4. Variable-bodied unmanned aerial vehicle according to claim 1, characterized in that the tail fin (4) is of hollow hard-shell structure.

5. The unmanned aerial vehicle of claim 1, wherein the outer wing section (3) is of full height foam sandwich construction.

6. Variable-body unmanned aerial vehicle according to claim 1, characterized in that the length of the sliding rail (5) is less than or equal to the length of the wing (2).

7. Variable unmanned aerial vehicle according to claim 1, characterized in that the empennage slide rail (9) is less than or equal to the length of the fuselage.

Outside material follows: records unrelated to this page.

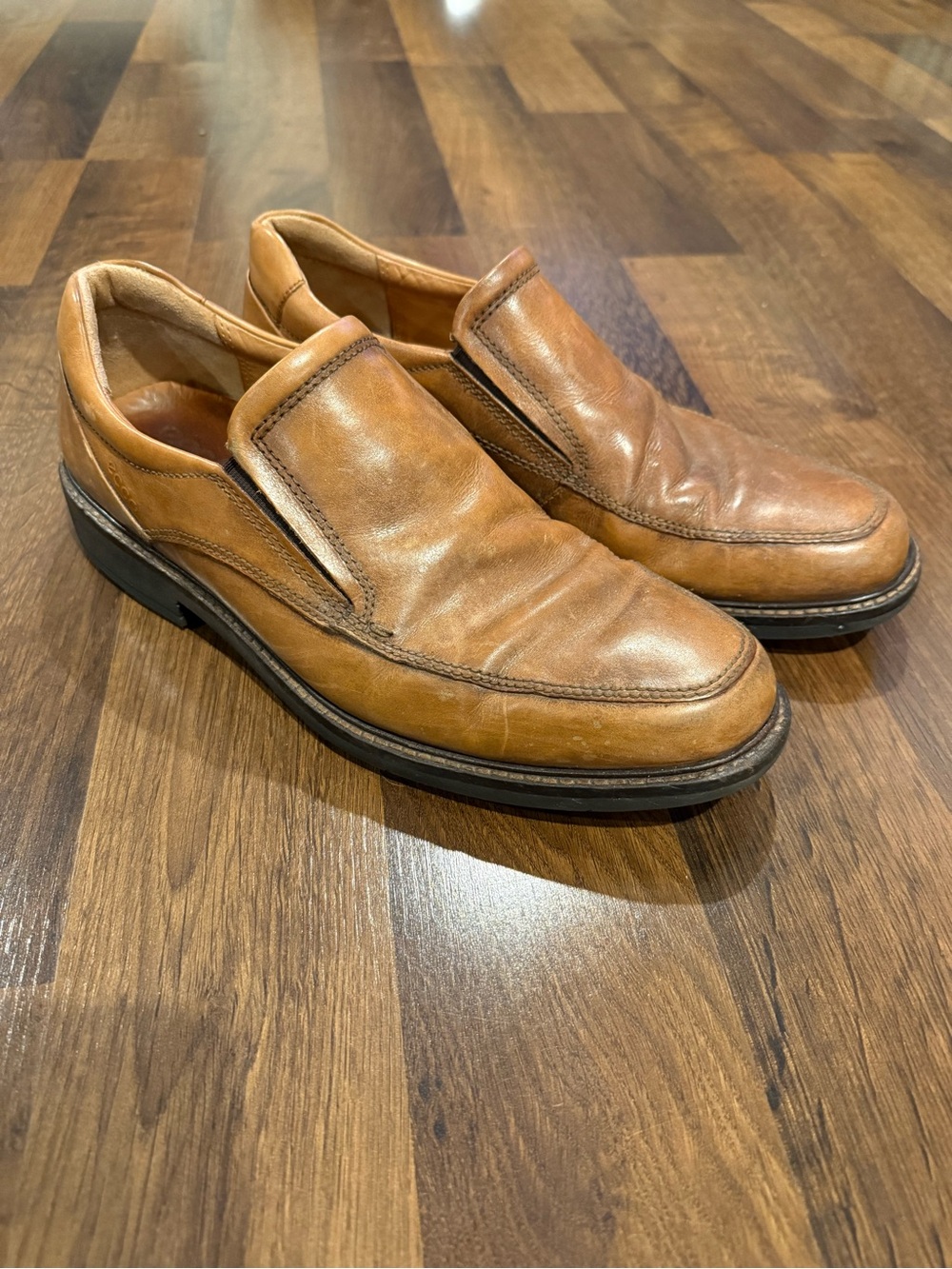 ECCO Helsinki Men’s Slip On Shoes (size 43 Or 9)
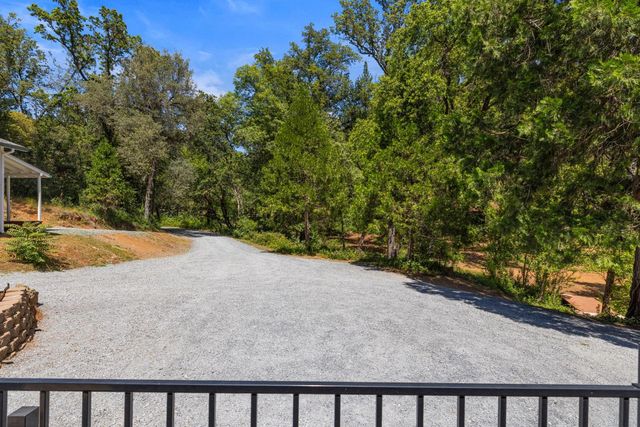3560 Mining Brook Rd, Placerville, CA 95667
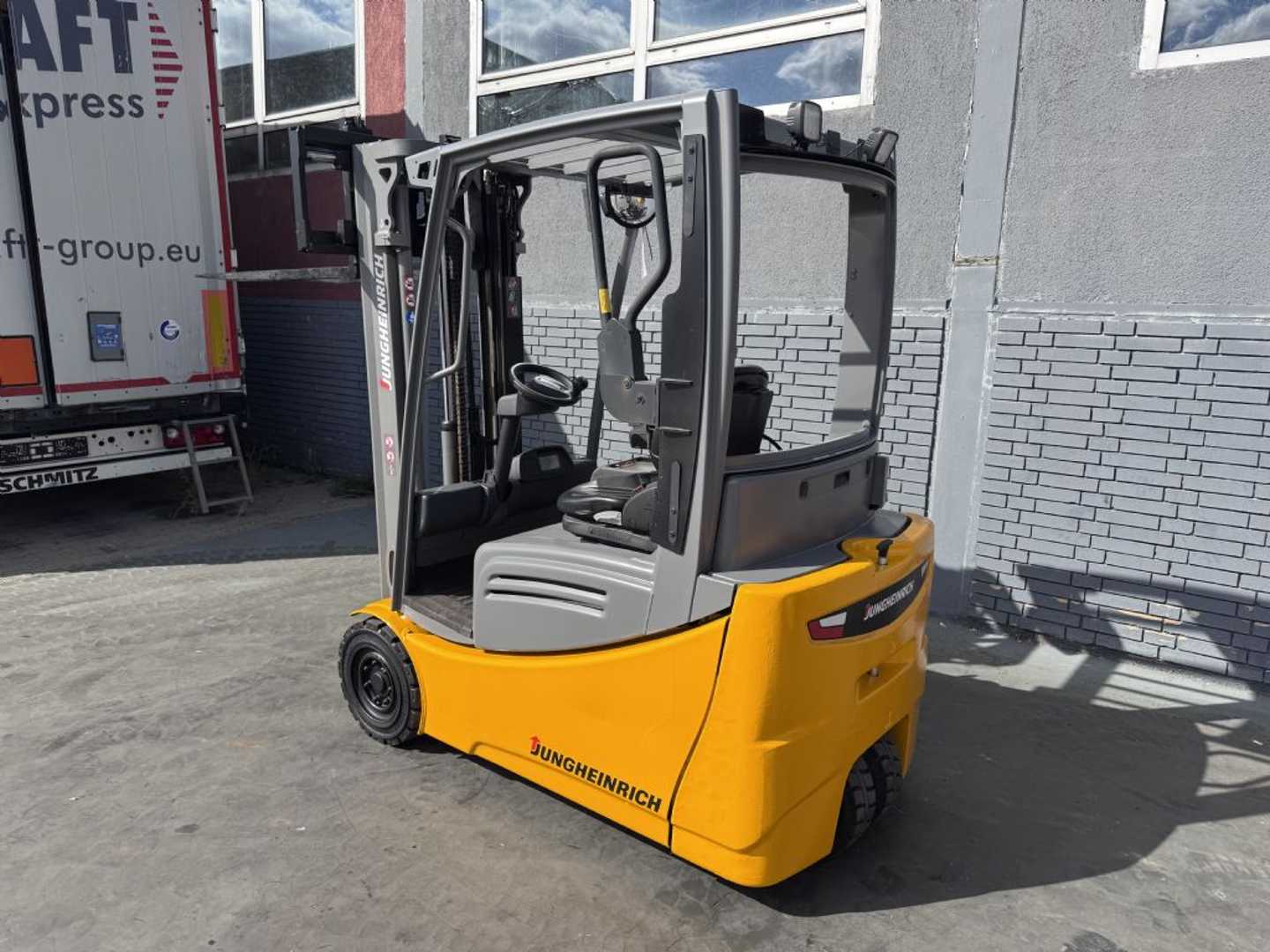 Used Forklift Jungheinrich EFG 216 Baujahr 2021 / Stunden 5204 HH 3100 3 riteņu dakšu iekrāvējs (Image 4) Used Forklift Jungheinrich EFG 216 Baujahr 2021 / Stunden 5204 HH 3100 3 riteņu dakšu iekrāvējs (Image 4)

8. The unmanned variable body airplane according to claim 1, wherein a tail sliding plane is above a wing sliding plane, wherein the planes of the tail sliding rail (9), the tail sliding block (10), the tail rack (11) and the tail driving gear (12) are tail sliding planes; the planes where the sliding rail (5), the sliding block (6), the rack (7) and the driving gear (8) are located are wing sliding planes.